(Exercise)
For each entry below, copy the text exactly and leave out any picture.

(Data extract)
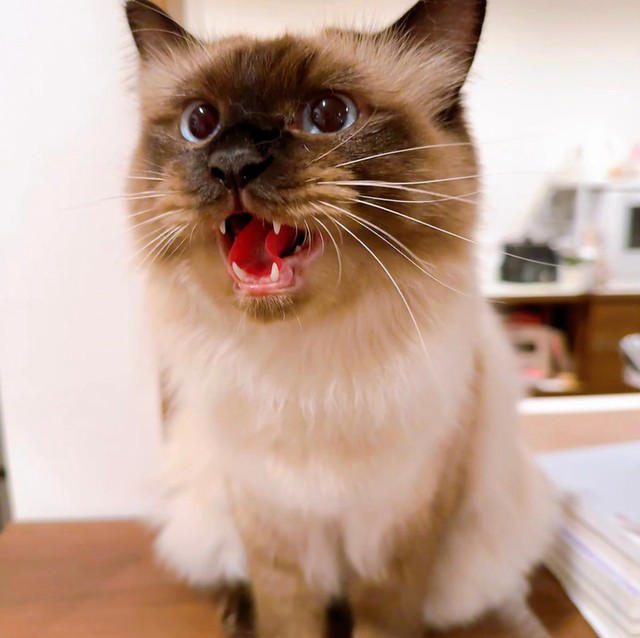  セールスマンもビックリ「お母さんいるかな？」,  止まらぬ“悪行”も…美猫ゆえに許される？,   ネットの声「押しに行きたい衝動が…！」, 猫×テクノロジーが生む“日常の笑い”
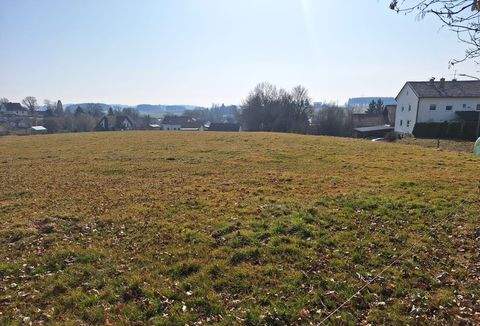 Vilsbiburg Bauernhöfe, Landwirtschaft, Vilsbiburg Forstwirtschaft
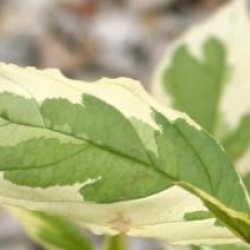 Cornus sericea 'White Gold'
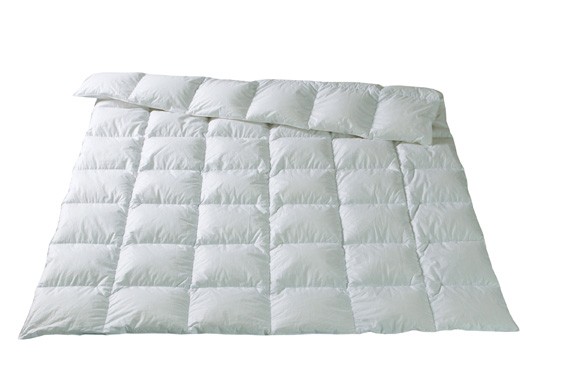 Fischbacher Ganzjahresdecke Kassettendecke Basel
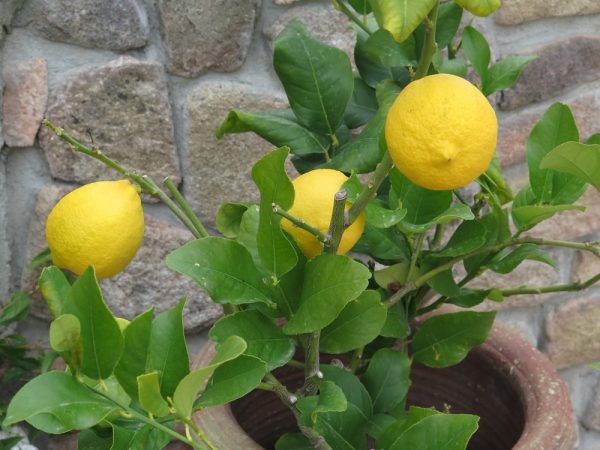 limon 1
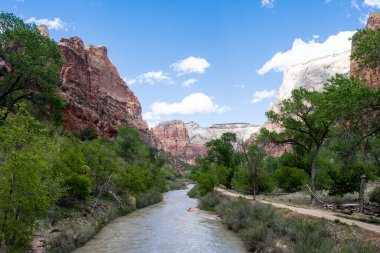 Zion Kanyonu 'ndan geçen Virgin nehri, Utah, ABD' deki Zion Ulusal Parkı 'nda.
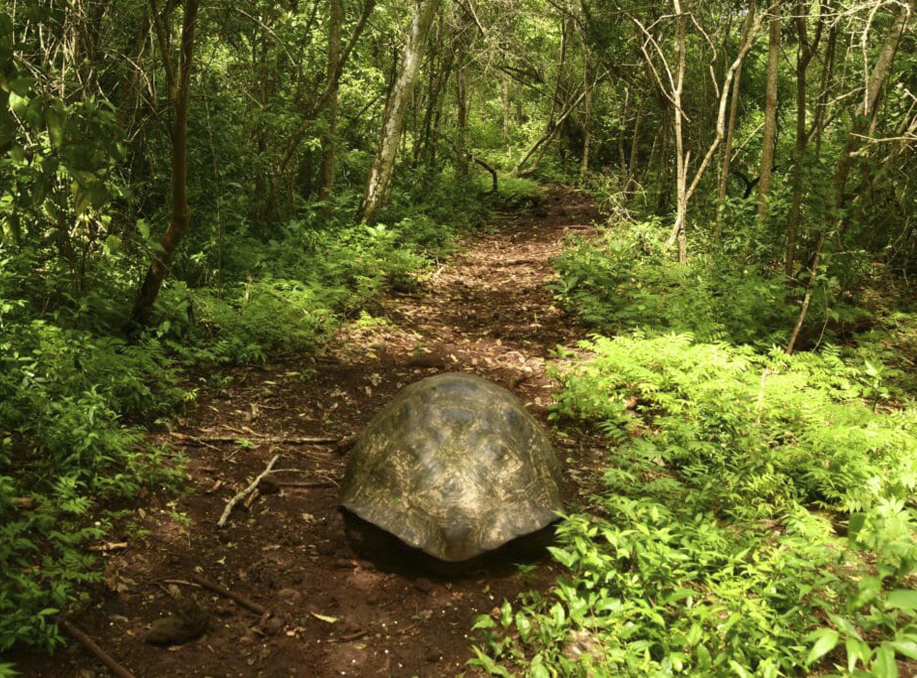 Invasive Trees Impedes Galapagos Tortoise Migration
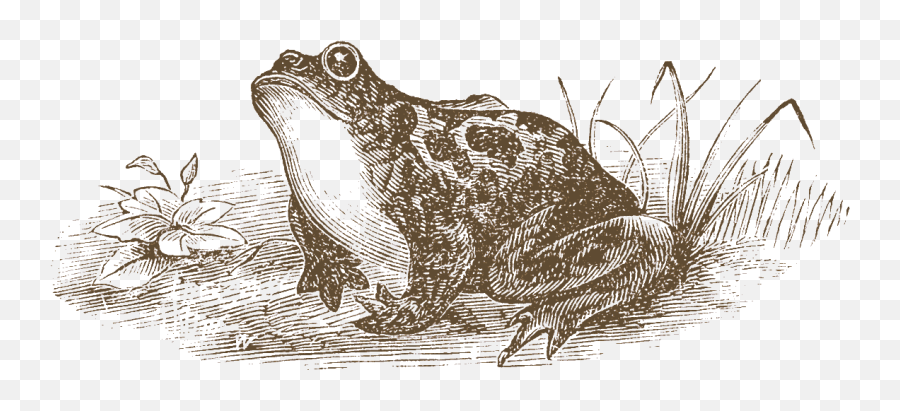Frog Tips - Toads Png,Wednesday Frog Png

(Solution)
  セールスマンもビックリ「お母さんいるかな？」,  止まらぬ“悪行”も…美猫ゆえに許される？,   ネットの声「押しに行きたい衝動が…！」, 猫×テクノロジーが生む“日常の笑い”
 Vilsbiburg Bauernhöfe, Landwirtschaft, Vilsbiburg Forstwirtschaft
 Cornus sericea 'White Gold'
 Fischbacher Ganzjahresdecke Kassettendecke Basel
 limon 1
 Zion Kanyonu 'ndan geçen Virgin nehri, Utah, ABD' deki Zion Ulusal Parkı 'nda.
 Invasive Trees Impedes Galapagos Tortoise Migration
Frog Tips - Toads Png,Wednesday Frog Png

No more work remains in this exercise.